• Task: Leave out every picture, then transcribe the rest of the listing exactly.

• Recorded data:
★ ★ ★ ★ ★

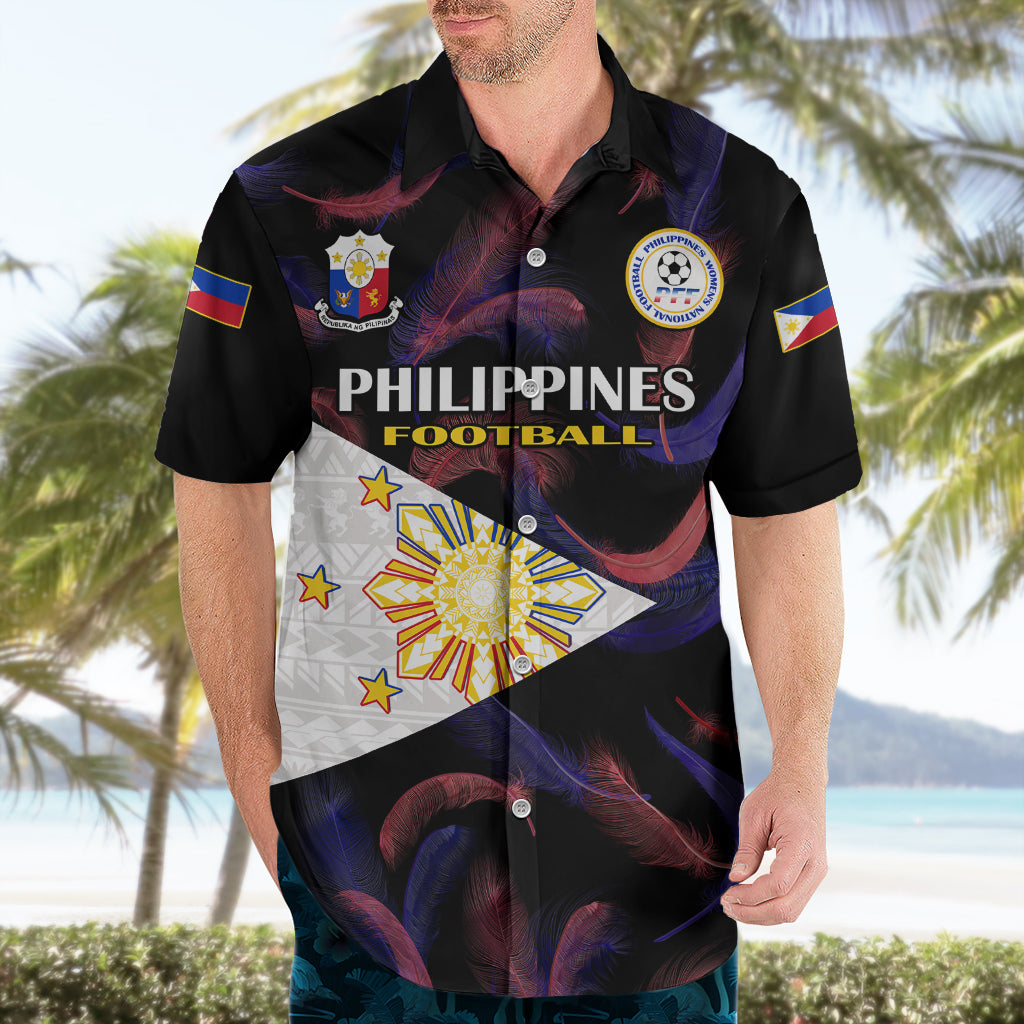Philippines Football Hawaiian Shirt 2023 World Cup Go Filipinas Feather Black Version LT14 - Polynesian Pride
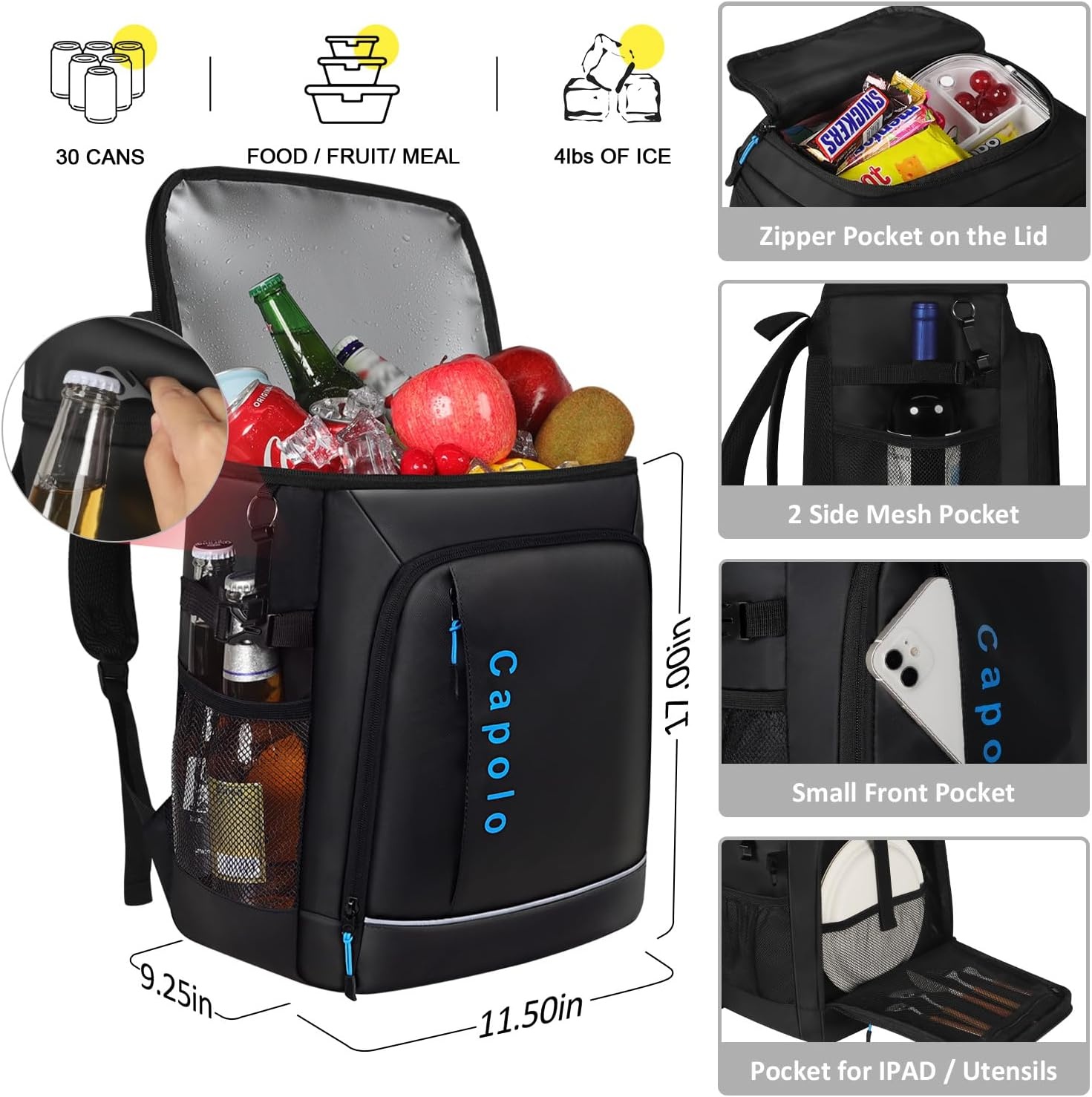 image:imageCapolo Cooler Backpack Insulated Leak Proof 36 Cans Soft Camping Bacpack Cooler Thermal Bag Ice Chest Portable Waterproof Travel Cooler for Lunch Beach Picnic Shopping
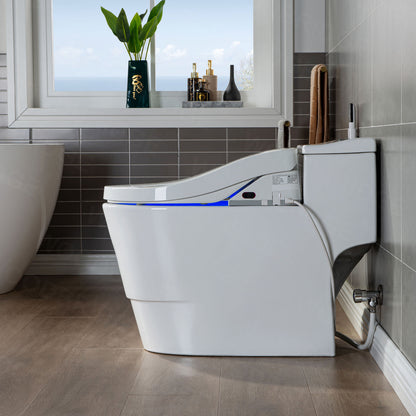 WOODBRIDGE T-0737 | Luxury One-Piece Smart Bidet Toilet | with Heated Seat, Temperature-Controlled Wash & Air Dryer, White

★ ★ ★ ★ ★

• Answer section:
Philippines Football Hawaiian Shirt 2023 World Cup Go Filipinas Feather Black Version LT14 - Polynesian Pride
 image:imageCapolo Cooler Backpack Insulated Leak Proof 36 Cans Soft Camping Bacpack Cooler Thermal Bag Ice Chest Portable Waterproof Travel Cooler for Lunch Beach Picnic Shopping
 WOODBRIDGE T-0737 | Luxury One-Piece Smart Bidet Toilet | with Heated Seat, Temperature-Controlled Wash & Air Dryer, White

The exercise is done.